■ Required work: Before copying, find the line below that contains "Bus Station Broadcaster"; then return it and all later lines exactly, up to and including the final line, with no pictures.

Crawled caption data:

:::::

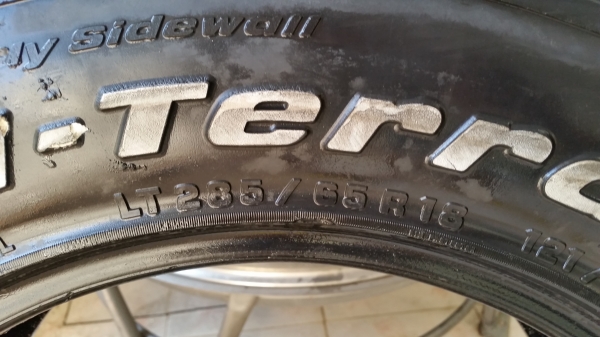 ขายยาง bf-all 285/65-18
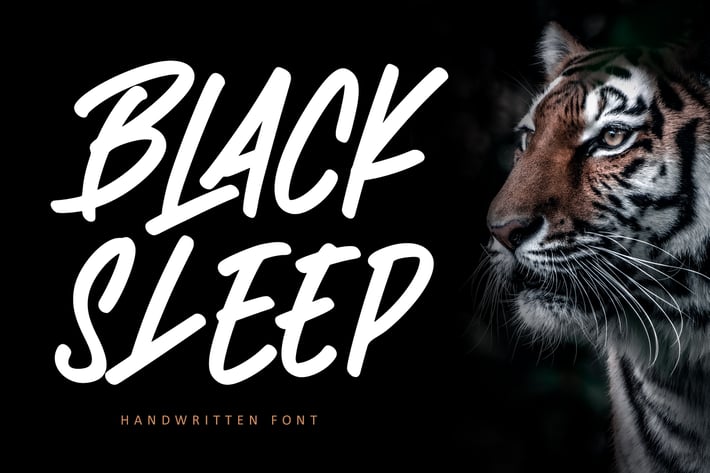 Black Sleep Advertisement Font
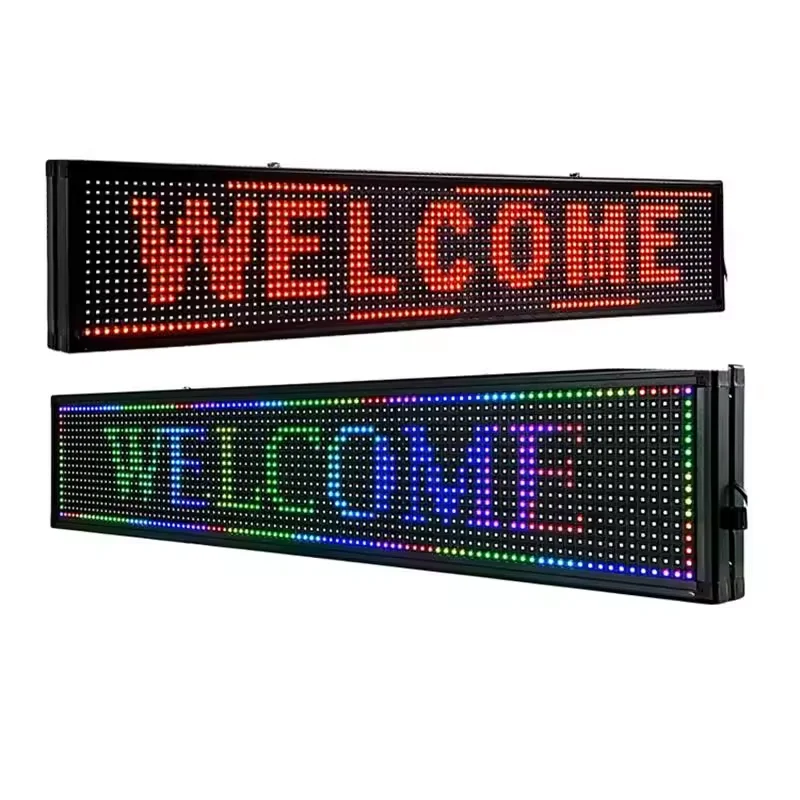 Bus Station Broadcaster Led Display Front Rear Side Internal Message Screen Wireless Control Route Destination Board Amber Sign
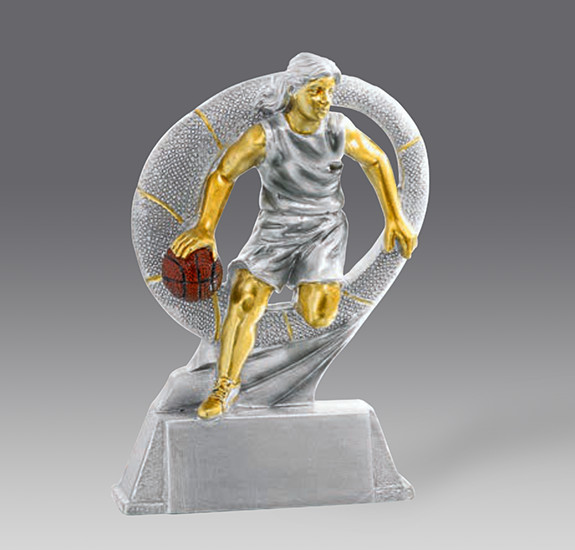 statuetka koszykwka kobiet, h.17 (stara kolekcja) puchary statuetki medale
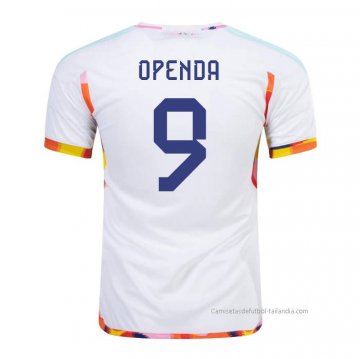 2ª Camiseta Belgica Jugador Openda 2022 2ª Camiseta Belgica Jugador Openda 2022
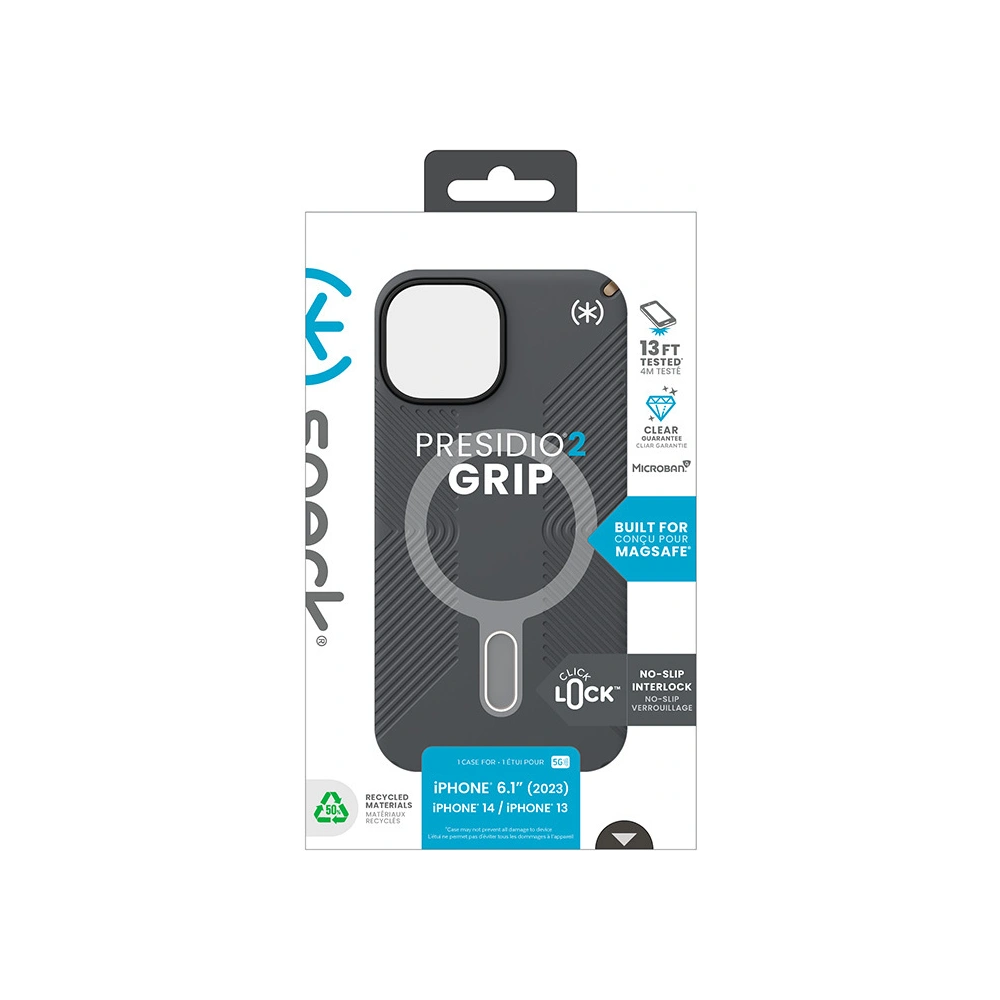 Wholesale Speck Presidio2 Grip ClickLock & MagSafe Apple iPhone 15 (Charcoal Grey/Cool Bronze) - SPK559 - {ean13} - Hurt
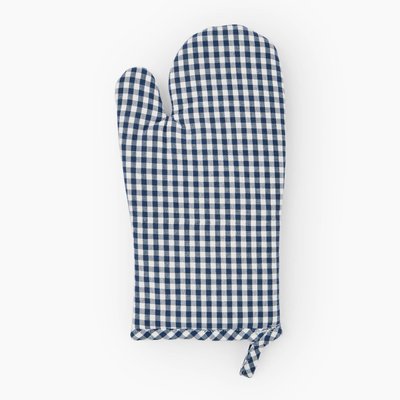 Moufle de cuisine vichy, 16x33cm, coton MONOPRIX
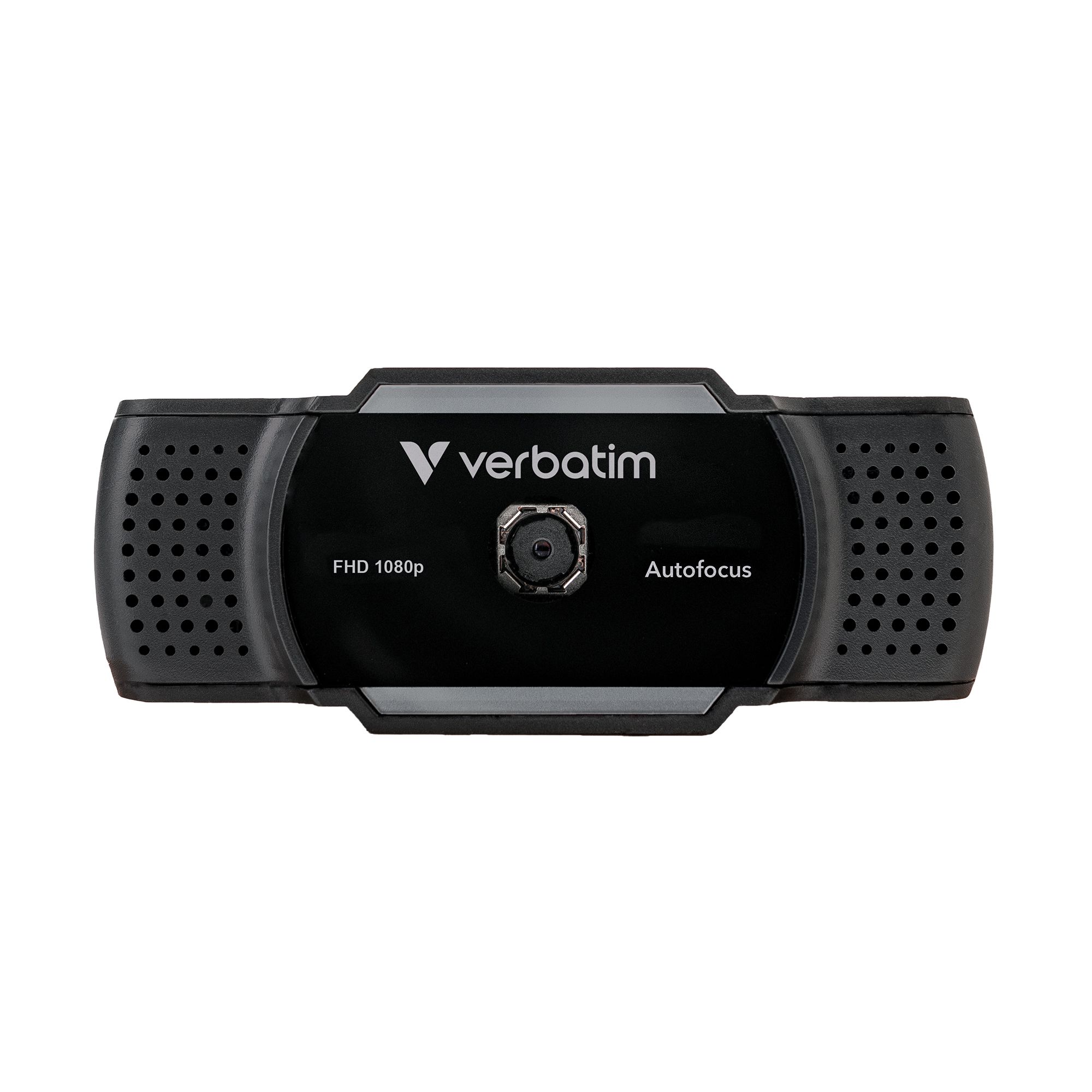 VERBATIM Autofocus Webcam Full HD mit Mikrofon USB Plug & Play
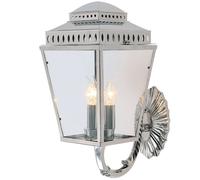 Loops Outdoor IP44 3 Bulb Wall Light Highly Polished Nickel LED E14 60W in Metallics Loops Metallics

:::::

■ Output of the exercise:
 Bus Station Broadcaster Led Display Front Rear Side Internal Message Screen Wireless Control Route Destination Board Amber Sign
 statuetka koszykwka kobiet, h.17 (stara kolekcja) puchary statuetki medale
 2ª Camiseta Belgica Jugador Openda 2022 2ª Camiseta Belgica Jugador Openda 2022
 Wholesale Speck Presidio2 Grip ClickLock & MagSafe Apple iPhone 15 (Charcoal Grey/Cool Bronze) - SPK559 - {ean13} - Hurt
 Moufle de cuisine vichy, 16x33cm, coton MONOPRIX
 VERBATIM Autofocus Webcam Full HD mit Mikrofon USB Plug & Play
 Loops Outdoor IP44 3 Bulb Wall Light Highly Polished Nickel LED E14 60W in Metallics Loops Metallics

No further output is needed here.